コンデンサという素子は電荷を蓄えることができる電子素子です。

わかりやすくいうとバッテリーですね。

コンデンサを水を貯める貯水タンクにたとえてみましょう。

水を電荷に見立てて、メモリセル動作を説明します。

繰り返しになってしまいますが、DRAMはワード線(ワード行の1本を選択するための制御信号線)とビット線(ビット列の1本を選択するための制御信号線)の交点を選択し、各メモリセルのコンデンサに電荷を書き込み/読み出して、メモリ動作を実現しています。

データの書き込み

メモリデータ「1」 を書き込むには、ワード線に高めの電圧をかけてMOSFETをONにし、ビット線にも同様に高めの電圧をかけてコンデンサに電荷を溜めます。
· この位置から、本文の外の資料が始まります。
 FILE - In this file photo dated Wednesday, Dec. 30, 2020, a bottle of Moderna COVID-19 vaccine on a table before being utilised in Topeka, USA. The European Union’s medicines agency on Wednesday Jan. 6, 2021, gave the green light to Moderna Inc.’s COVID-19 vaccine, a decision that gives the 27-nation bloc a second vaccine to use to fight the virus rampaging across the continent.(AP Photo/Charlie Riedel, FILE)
これは蛇口をあけて貯水タンクに水を入れる動作に相当します。

MOSFETをONにした状態で、ビット線に低めの電圧をかけると、コンデンサに溜まっていた電荷はビット線に流れ出し、メモリに「0」となります。

これは、貯水タンク内の水が、自らの水圧で水が貯水タンクから流れ出ることに相当します。

データの記憶保持

ゲート電圧をオフにしてMOSFETをOFFにすれば、コンデンサ(貯水タンク)の電荷(水)はそのまま変化せず「1」(タンクがいっぱい)か「0」(空っぽ)の状態を記憶しつづけます。 

データの読み出し

メモリセルからのデータ読み出しはゲート電圧をオンにしてMOSFETをONにして、そのときのコンデンサ(タンク)の状態を検出します。

MOSFETに高めの電圧をかけてONにし、コンデンサ(貯水タンク)から電荷(水)が流れ出せばメモリデータが「1」、コンデンサ(貯水タンク)から電荷(水)が流れ出さなければ、メモリデータが「0」であると認識することができます。